No meromorphic function dominates another meromorphic function?

118 Views Asked by At

It is well known that "genuinely different" entire functions cannot dominate each other. More precisely, let $f$ and $g$ be entire functions in $\mathbb{C}$ satisfying $|f(z)|\le |g(z)|$ for all $z \in \mathbb{C}.$ Then $f=Cg$ for some $C\in \mathbb{C}.$

I'd like to know the result for meromorphic functions similar to the above result for entire functions.

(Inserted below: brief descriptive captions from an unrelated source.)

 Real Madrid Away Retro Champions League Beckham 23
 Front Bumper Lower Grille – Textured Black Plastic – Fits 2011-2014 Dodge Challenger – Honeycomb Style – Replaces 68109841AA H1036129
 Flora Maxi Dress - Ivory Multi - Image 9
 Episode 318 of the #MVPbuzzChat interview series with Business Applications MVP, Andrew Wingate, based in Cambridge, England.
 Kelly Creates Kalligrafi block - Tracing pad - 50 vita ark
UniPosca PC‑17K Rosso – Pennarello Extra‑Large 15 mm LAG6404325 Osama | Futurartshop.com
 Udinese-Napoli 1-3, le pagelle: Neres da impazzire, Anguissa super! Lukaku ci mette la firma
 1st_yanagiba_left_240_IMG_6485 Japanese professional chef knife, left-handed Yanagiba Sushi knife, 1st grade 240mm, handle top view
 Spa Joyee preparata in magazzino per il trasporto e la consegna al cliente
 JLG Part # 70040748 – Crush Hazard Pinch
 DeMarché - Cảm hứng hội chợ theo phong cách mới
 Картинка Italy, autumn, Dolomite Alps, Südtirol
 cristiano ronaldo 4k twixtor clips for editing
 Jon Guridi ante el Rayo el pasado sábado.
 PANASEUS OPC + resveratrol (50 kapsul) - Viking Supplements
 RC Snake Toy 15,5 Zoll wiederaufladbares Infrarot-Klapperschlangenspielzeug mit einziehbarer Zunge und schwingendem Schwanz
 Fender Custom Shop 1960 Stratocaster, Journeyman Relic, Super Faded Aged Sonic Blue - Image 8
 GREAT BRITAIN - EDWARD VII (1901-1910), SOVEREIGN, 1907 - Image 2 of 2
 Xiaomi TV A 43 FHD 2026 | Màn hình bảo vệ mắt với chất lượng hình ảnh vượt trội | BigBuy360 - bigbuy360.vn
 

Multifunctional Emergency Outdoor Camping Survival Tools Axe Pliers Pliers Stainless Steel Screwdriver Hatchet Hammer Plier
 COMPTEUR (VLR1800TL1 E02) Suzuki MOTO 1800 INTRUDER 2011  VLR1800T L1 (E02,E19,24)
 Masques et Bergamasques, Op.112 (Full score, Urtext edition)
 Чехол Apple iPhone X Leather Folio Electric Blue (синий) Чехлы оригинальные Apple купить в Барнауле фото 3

Please let me know if you have any comment about this question. Thanks in advance!

2

There are 2 best solutions below

0
On BEST ANSWER

If $f$ and $g$ are meromorphic in $\mathbb C$ with $|f(z)| \le |g(z)|$, then $f(z)/g(z)$ is meromorphic and bounded. Thus its singularities are all removable; after removing them, you have a bounded entire function which Liouville says is constant.

0
On

The exact same result holds for meromorphic functions: if $f$ and $g$ are meromorphic on $\mathbb{C}$ and $|f(z)|\leq |g(z)|$ for all $z$, then $f(z)=Cg(z)$ for some constant $C$. The proof is also basically the same: consider the function $h(z)=g(z)/f(z)$. This function $h$ is meromorphic, and $|h(z)|\leq 1$ for any $z$ except possibly the poles or zeroes of $g$. But the poles and zeroes of $g$ are isolated, and so by continuity $|h(z)|\leq 1$ everywhere and in particular $h$ has no poles. Since $h$ is an entire bounded function, it is constant.